Un dernier tronçon
Le dernier tronçon du trek n’est ni le plus long, ni le plus dur mais un dénivelé de plus de 1 000 mètres nous rapproche peu à peu des cieux. Kyanjin Gompa est situé à 3870 mètres. Seulement 2h30 d’efforts devraient être nécessaires. Il est donc inutile de partir trop tôt ce matin. Cependant mes yeux s’ouvrent à 6h, habitués par le rythme des jours précédents. Les nuits au cours d’un trek sont à la fois courtes et longues. Un coucher se fait généralement vers 20h-21h et le lever environ 9h-10h plus tard. De quoi à priori reprendre des forces. Mais les nuits ne sont pas véritablement récupératrices car le sommeil profond de plusieurs heures peine à s’installer. Entre l’altitude, le froid, le bruit, le confort spartiate et les muscles qui lancent, pas facile de rejoindre Morphée très loin dans les songes.
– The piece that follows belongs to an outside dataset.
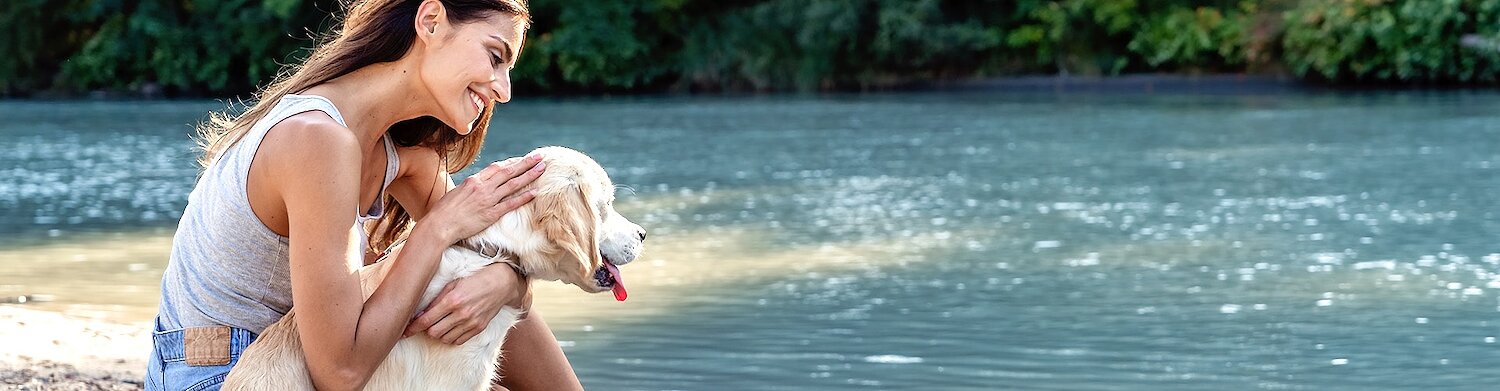 Locations de vacances accueillant les animaux dans l'Eure et Loir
A 6h je me précipite à l’extérieur afin de capter les premières lueurs du soleil, encore caché par des pics mais distribuant peu à peu sa magnifique lumière orangée sur les montagnes opposées. Le village se réveille, les chevaux jouent les curieux devant mon appareil photo, les hôtes s’attellent aux premières tâches, dont la préparation des petits déjeuners des trekkeurs.
Malgré deux premières journées bien riches en efforts physiques nos jambes se sentent bien en ce début de marche. Nous sommes toujours accompagnés de notre porteur jusqu’à ce soir. Le parcours est plaisant et le chemin se fait avare en montées abruptes, pour notre plus grand soulagement. Progressivement, la vallée s’élargit et les montagnes enneigées se révèlent davantage et deviennent le principal élément de décor.
Un décor de carte postale
Après 2h30 de marche nous arrivons au bout du trek, à 3870 mètres d’altitude, au village de Kyanjin Gompa. Un village qui paraît perdu parmi les immenses montagnes voisines et enneigées. Le dépaysement est total, le paysage somptueux. Difficile de croire que des familles habitent ici, où les hivers rugueux font chuter la température bien en-dessous de 0°. Des habitants coupés du monde, au milieu de pics enneigés et de glaciers. Un monde à part, où le temps n’a pas la même valeur qu’en Occident et où les conditions de vie sont rudes, régies par le froid et l’isolement.
Les effets du tourisme
La situation exceptionnelle du village dans un environnement naturel d’une beauté unique a du mal à masquer une perte d’identité avec l’avènement du tourisme. Ici, les toits sont colorés, pas par tradition mais pour attirer les voyageurs et sortir du lot dans la concurrence que se livrent les lodges. Des habitants attendent d’ailleurs les marcheurs, aux portes du village, afin de les convaincre de les suivre. L’argent des touristes a considérablement changé les choses en peu de temps. Même les très jeunes enfants se laissent perdre par ce système et réclament avec le visage fermé et sévère du chocolat contre une photo. Il en va ainsi dans beaucoup d’endroits sur terre où le tourisme offre à la fois une aide précieuse mais peut changer les comportements et certaines relations humaines, dépassées par la puissance de l’argent et de ses vices. A près de 4 000 mètres d’altitude, nous avons l’impression que tout est ici question de business. Les seuls « Namaste » (« Bonjour ») qui nous sont adressés ont pour but d’engager la conversation et de nous proposer ensuite une prestation.
Des conditions spartiates
Nous projetons de rester dans ce village durant trois nuits. De quoi s’immerger dans le quotidien des locaux, notamment avec l’exercice difficile de la lessive, assis sur un minuscule support en bois de 15 cm de hauteur, à frotter notre linge avec une eau gelée venant tout droit des montagnes. Autre épreuve, la douche. Les villages le long du trek proposent tous l’eau chaude… à condition que le soleil ait apporté la lumière suffisante pour chauffer les panneaux solaires qui sont reliés à une réserve d’eau. Il faut également veiller à ne pas être le dixième à y aller sous peine de ne plus avoir d’eau chaude. Les douches sont généralement à l’extérieur et les ouvertures béantes de la porte laissent entrer le froid glacial. Mais ne faisons pas la fine bouche, il y a quelques années en arrière, les conditions devaient sûrement être beaucoup plus spartiates pour les randonneurs.
Dans l’après-midi nous cédons à l’appel des réputés Apple Pie, tourtes aux pommes de la boulangerie principale du village, dans laquelle nous finissons la journée, chauffés faiblement par un poêle à bois, et discutant avec d’autres trekkeurs nous divulguant des conseils avisés pour les treks des prochains jours.